Their ascomata are < 500 μm diam. and are usually considered apothecia. Cleistothecium-like or perithecium-like variants occur, but all have asci arranged in a hymenium. Most species have eight ellipsoidal ascospores in a club-shaped ascus, but some Thelebolus asci have hundreds of ascospores. Ascospores are forcibly ejected synchronously in a sticky mass. Agar colonies are smooth and pinkish, conidium producing collars ("phialides") arising directly on hyphae, and slimy, 1-celled, hyaline conidia that appear yeast-like. Ascoma production is favored by media such as carrot agar.

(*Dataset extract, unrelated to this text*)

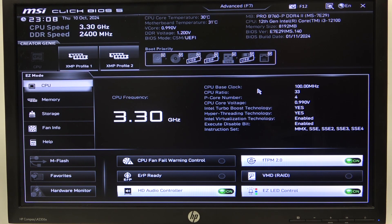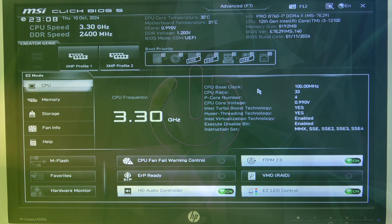Hello! In this video I want to show you how to enable or disable Resize Bar Support on an MSI Motherboard.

Most species grow on dung or are isolated from soil. Most are psychrophiles with optimal growth at 10–15°C and occur mostly in (sub)arctic ecosystems. They may have evolved in response to the double challenge of extreme cold while growing on dung, and the need to survive passage through the gut of warm-blooded animals.

Thelebolus stercoreus is a cosmopolitan psychrophile on dung and in soil, with pale yellow to brown cleistothecia containing asci with 32–2000 ellipsoidal ascospores. Variants with different ascospore numbers often were considered different species, but phylogenetic studies do not support this. In the Antarctic, T. stercoreus grows in microalgal mats in lakes, perhaps associated with seabird dung.